Par Le Barde et Bardibulle
Il y avait comme un soupçon d’été. Les saints de
glace ont abusé des prolongations. Le temps redevient de saison et on
l’aime bien comme ça.
Petit
a petit, pas à pas, peu à peu, une quinzaine de castors investirent le
pré. Perdigue, de bouffe, poussa l’hybride à son comble en débutant la
partie, partie champêtre s’il en fut. Le ballon voletait, les courses
étaient vives. Une ardeur printanière en somme, l’équivalent d’un
soupçon d’été si vous préférez.
Le
toucher fut parfois acariâtre ; le toucher au sens strict, c’est-à-dire
le fait d’employer une main, qu’elle soit droite ou gauche, à effleurer
le corps de l’adversaire. Ainsi le Tarbais et Dom réfutèrent
l’évidence. Ils prirent pour une pure hypothèse, le frôlement qui les
avait bel et bien affecté.
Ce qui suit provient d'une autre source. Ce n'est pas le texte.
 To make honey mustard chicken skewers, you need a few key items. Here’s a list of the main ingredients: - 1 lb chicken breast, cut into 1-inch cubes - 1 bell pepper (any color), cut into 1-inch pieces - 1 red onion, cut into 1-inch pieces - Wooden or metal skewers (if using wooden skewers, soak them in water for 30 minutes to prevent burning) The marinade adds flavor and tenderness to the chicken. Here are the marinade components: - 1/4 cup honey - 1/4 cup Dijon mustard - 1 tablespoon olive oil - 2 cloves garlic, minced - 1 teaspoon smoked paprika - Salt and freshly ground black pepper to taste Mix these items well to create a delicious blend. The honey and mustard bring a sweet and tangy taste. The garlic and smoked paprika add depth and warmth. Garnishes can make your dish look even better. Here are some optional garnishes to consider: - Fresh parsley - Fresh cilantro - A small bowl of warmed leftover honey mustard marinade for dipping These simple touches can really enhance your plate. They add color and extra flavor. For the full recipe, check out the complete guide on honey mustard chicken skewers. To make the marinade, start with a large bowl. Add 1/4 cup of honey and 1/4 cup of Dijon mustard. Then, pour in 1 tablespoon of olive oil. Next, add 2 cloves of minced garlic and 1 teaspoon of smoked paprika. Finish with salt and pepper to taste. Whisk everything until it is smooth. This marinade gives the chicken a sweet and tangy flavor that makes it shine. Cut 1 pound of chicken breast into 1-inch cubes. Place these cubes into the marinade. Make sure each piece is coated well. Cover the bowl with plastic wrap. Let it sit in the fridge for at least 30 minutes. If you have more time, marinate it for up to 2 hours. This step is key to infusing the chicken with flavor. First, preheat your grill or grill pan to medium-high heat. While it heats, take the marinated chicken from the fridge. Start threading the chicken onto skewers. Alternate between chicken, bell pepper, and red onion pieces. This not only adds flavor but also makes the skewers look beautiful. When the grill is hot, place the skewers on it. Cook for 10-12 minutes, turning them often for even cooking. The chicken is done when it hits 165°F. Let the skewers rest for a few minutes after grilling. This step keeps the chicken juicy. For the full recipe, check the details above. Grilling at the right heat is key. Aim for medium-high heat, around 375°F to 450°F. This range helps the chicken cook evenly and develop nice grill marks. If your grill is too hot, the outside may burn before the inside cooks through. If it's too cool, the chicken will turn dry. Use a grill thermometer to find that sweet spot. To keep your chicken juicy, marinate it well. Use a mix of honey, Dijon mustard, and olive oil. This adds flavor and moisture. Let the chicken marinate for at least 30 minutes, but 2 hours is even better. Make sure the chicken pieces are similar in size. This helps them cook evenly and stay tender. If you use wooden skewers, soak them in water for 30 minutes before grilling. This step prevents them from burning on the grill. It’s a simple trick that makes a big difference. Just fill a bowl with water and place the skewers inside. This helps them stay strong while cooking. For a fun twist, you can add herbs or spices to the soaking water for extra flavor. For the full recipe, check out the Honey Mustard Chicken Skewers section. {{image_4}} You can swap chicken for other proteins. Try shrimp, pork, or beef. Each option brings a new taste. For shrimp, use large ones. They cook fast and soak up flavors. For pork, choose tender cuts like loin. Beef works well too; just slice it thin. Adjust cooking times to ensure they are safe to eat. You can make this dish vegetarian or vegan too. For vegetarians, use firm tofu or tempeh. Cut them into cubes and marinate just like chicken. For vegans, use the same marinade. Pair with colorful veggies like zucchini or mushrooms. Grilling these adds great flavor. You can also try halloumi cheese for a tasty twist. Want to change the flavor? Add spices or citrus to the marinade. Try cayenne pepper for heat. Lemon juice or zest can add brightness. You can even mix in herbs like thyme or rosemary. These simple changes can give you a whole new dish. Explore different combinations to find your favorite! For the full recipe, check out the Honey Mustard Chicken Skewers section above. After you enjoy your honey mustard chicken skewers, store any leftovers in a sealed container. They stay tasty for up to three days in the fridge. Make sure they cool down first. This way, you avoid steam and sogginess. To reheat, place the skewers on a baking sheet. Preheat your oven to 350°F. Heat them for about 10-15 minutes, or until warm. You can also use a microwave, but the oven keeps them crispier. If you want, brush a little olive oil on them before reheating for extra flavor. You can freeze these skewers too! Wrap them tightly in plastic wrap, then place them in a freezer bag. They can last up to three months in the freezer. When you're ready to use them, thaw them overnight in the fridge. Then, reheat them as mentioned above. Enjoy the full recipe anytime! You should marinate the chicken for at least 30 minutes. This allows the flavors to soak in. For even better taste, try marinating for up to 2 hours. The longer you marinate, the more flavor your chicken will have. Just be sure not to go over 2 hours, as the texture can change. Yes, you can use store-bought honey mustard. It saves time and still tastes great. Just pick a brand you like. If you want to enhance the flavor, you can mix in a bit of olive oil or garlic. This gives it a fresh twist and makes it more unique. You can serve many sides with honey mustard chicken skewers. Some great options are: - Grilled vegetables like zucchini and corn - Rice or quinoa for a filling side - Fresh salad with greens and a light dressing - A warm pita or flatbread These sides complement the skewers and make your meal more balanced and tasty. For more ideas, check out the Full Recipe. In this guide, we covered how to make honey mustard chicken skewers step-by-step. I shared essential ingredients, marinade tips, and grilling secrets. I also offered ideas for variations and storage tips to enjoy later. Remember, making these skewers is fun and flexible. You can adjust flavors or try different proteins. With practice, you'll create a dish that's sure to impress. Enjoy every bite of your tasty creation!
Et ce fut l’objet de longues palabres.
Sergio
nous quitta avant la fin. L’un de ses doigts subit les foudres de
Régis. Un artiste sans doigts n’est plus un artiste. Perdigue aussi,
mais pour d’autres raisons. La partie alla son train au-delà de
l’extinction des feux. L’envie se gausse de la lumière.
Il
y eut des essais, des en-avants, des passes approximatives. Mais
c’était gai, virevoltant, agréable. Dom avait prit son petit bout
d’aile., doc filait, Régis interceptait, Christophe rugissait, Joss
transperçait...
Il
était donc au trou, Perdigue, comme nous le regagnions. L’assemblée
était légèrement garnie. Tautau et le vieux quatre préparaient un
karaoké à base de fille du bédouin. Accompagnés par un accordéoniste et
un caméraman. Les cinquante ans approchent !
Perdigue
aime le fraternel. La fraternité, chez lui, conjuguent grattons et
boudin. Avec cornichons, cela va de soi. Yan qui sait ce que rive droite
veut dire apprécia. Guitou itou. Avec de la moutarde en sus. C’est fou
ce qu’il aime la moutarde Guitou. Il fallait le voir tremper son petit
bout de boudin dans le condiment si cher à notre Pinson.
Frère
Perdigue nous pardonne, la ripaille s’accompagne du mise au vert. Les
mœurs l’exigent et sa société moderne vise dans la couleur un espoir
salutaire. Sauce en prime, le cochon et la salade n’eurent raison de la
volonté des castors à consister en chœur. Les plats vides nous appelâmes
comme il se doit la suite. Le vieux 4 entre deux prises de vues se
chauffait la voix pour les patates à venir. Le vieux et ses compères
imagent nos 50 ans en chanson. Ils ont du Sardou en eux, quand ils
étaient petits castors, ils attrapaient le ballon en chantant, et
quelques années plus tard, ils gagnaient les radis noirs, en chantant,
c’est beaucoup moins inquiétant de préparer nos cinquante ans, en
chantant, et c’est tellement plus mignon de se faire mouiller le fion en
chantant, le trou c’est plus marrant, c’est moins désespérant en
chantant !
Perdigue
à force de gratter l’assiette daigna de nous servir la suite. Joue de
porc en sauce et carottes pour apprécier la vue. Car le grand absent fut
le légume ! Comment ça la carotte ne peut se suffire à l’appellation
d’origine contrôlée ? Le légume fait bon nez sur son bonhomme de neige,
mais deux patates comblent plus facilement les chœurs. Le vieux 4 pleure
sa bonne mère et Sergio suce du coup son doigt enflé. Les petits
oignons ne pourront aider à rivaliser cette ère de non patate. Le cri du
vieux 4 résonne encore dans nos estomacs de tristesse. Le grand écart
entre le sublime et l’absence dézingue l’entre en table ! Les joues, la
sauce sont fabuleux ! Que le pain de pépé pour saucer le nectar du jus…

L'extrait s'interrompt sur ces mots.